KOTA KINABALU: A cargo vessel moored near Gaya Island was finally brought to the old Sabah Ports jetty here yesterday, exactly a month after its crew sent out an SOS claiming they had not been paid since August and were lacking food and water.
Harbourmaster Salim Baee, who coordinated the effort, said the 2,500-tonne vessel had to be tugged from its original position as the generator set, which provides the ship with electricity, went out four days ago.
“There was no light on the ship and it was at risk of getting hit by other vessels or boats at night,” he said, adding that the ship only had one anchor left holding it in place.

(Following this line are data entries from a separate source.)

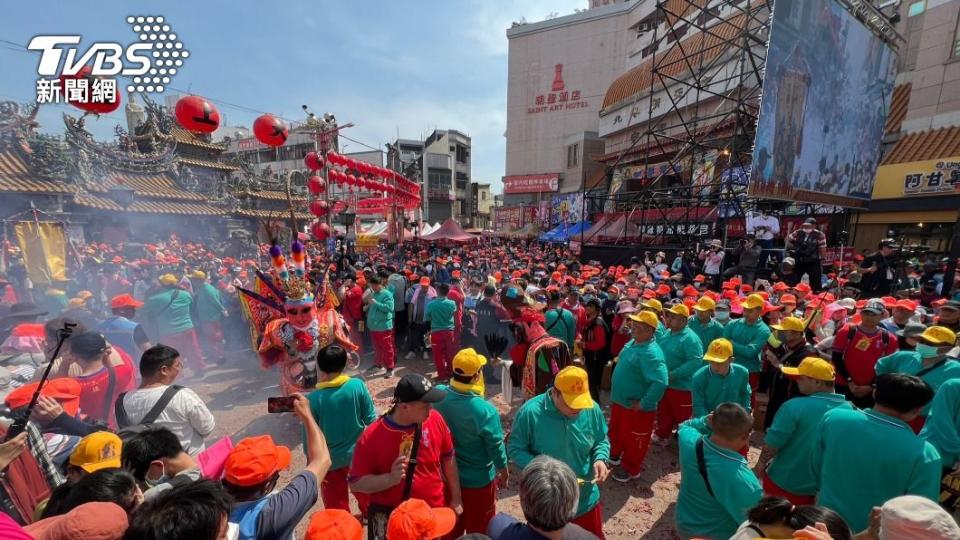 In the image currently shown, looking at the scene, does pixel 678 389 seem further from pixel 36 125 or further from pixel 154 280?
pixel 36 125

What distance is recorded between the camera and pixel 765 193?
9828 millimetres

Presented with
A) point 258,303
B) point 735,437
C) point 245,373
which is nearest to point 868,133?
point 735,437

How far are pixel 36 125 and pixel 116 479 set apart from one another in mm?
16739

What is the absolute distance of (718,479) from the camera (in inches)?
87.9

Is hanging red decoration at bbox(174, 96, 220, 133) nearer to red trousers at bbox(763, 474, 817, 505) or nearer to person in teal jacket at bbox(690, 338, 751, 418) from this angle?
person in teal jacket at bbox(690, 338, 751, 418)

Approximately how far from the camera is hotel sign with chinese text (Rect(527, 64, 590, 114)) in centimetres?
3384

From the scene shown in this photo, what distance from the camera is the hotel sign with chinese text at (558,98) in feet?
111

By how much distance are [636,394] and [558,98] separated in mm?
35117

“Its proximity to the water village of Gaya Island also worried me because if the anchor snapped, the ship could drift and crash into the hundreds of homes there,” he told FMT.

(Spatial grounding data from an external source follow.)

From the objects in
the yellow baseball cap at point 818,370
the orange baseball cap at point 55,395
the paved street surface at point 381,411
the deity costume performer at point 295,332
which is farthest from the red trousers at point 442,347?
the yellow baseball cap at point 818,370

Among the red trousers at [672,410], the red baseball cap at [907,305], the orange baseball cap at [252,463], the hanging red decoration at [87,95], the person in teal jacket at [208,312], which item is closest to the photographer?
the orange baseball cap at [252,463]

Salim said he had been working since last Thursday to bring the ship to the jetty where it would be safer for everyone.
He attributed the delay to government departments which he said had insisted on waiting for approval from the shipowner to move the vessel.

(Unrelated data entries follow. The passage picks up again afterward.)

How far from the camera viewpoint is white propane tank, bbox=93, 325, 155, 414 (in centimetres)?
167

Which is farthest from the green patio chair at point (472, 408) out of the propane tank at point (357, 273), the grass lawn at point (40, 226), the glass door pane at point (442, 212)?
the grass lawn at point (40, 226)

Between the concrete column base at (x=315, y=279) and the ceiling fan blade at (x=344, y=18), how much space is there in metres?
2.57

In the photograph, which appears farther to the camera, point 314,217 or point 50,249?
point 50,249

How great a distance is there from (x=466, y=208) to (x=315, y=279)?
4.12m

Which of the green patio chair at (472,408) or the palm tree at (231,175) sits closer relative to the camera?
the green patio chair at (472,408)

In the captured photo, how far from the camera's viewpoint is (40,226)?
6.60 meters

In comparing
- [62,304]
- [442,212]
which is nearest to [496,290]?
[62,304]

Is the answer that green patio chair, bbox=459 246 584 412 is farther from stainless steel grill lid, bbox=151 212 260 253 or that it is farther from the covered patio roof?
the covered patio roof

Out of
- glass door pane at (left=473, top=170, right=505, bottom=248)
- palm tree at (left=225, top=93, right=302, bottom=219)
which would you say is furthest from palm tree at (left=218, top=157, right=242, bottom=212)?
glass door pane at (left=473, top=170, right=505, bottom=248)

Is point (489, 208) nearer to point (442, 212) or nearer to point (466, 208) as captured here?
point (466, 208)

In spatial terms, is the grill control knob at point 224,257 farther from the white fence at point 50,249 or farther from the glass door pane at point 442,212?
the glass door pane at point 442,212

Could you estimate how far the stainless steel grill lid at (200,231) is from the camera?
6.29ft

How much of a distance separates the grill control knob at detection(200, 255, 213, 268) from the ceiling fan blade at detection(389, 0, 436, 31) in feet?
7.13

He said he decided not to wait for the approval as the situation was urgent, given the lack of fuel for the only generator set onboard the ship.
FMT understands that the shipowner will have to fork out between RM1,000 and RM3,000 a day as long as the ship is berthed at the Sabah Ports jetty.
FMT first reported the plight of the 10 crewmen, including one watchman, aboard the Malaysian-flagged ship last month after crew leader Khurshid Iqbal said they had not been paid since beginning work in August.
Their passports and other documents were also taken away by the owner via his agents in Sabah. Eight of the crewmen are Indian nationals while Khurshid is a Pakistani.
Their plight attracted the attention of the Malaysian Trades Union Congress (MTUC) Sabah chapter and the Sabah Environment Protection Association, which began pressuring the authorities and shipowner to pay the crew their salaries and return their documents.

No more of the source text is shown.